Ability Transfer and Recovery via Modularized Parameters Localization
Songyao Jin, Kun Zhou, Wenqi Li, Peng Wang, Biwei Huang

TL;DR
This paper investigates how abilities are distributed in large language models and introduces ACT, a method to localize and transfer ability-specific parameters, enabling recovery and integration of skills with minimal interference.
Contribution
The paper reveals that ability-related activations are concentrated in few channels and proposes ACT, a novel ability transfer method based on activation differences for modular parameter localization.
Findings
ACT effectively recovers forgotten abilities in multilingual reasoning tasks.

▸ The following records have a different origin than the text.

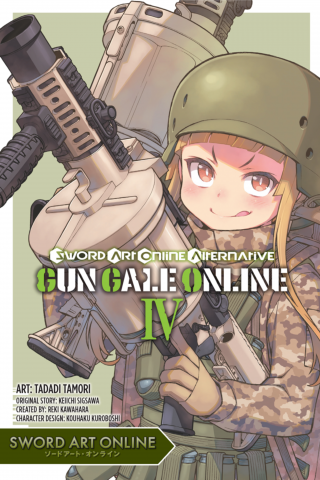 Imagen de apoyo de Sword Art Online Alternative Gun Gale Online, Vol 4 (manga)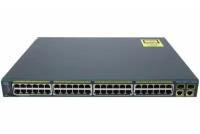 Коммутатор CISCO WS-C2960-48PST-L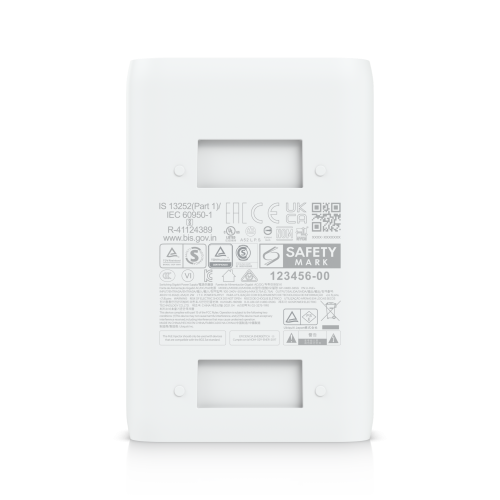 Контроллер доступа Ubiquiti UA-G3-SK-Gate - (1) GbE RJ45 порт, (5) 10/100/1000 Base-T, (1) 10/100 MbE (1) Homeplug AV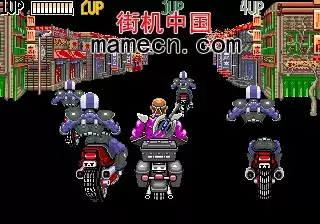 街机摩扥战士游戏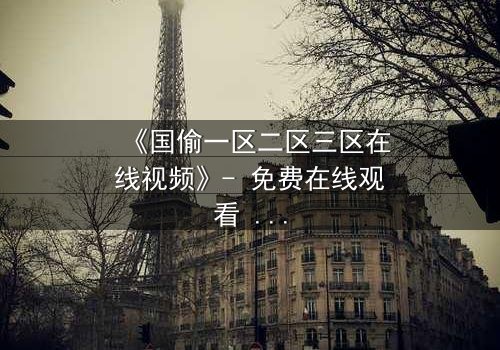 《国偷一区二区三区在线视频》- 免费在线观看 - 第7集HD中字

It enables merging multiple specialized models with minimal interference.
Ability-related activations are highly concentrated and disentangled in LLMs.
Abstract
Large language models can be continually pre-trained or fine-tuned to improve performance in specific domains, languages, or skills, but this specialization often degrades other capabilities and may cause catastrophic forgetting. We investigate how abilities are distributed within LLM parameters by analyzing module activations under domain- and language-specific inputs for closely related models. Across layers and modules, we find that ability-related activations are highly concentrated in a small set of channels (typically <5\%), and these channels are largely disentangled with good sufficiency and stability. Building on these observations, we propose ACT (Activation-Guided Channel-wise Ability Transfer), which localizes ability-relevant channels via activation differences and selectively transfers only the corresponding parameters, followed by lightweight fine-tuning for…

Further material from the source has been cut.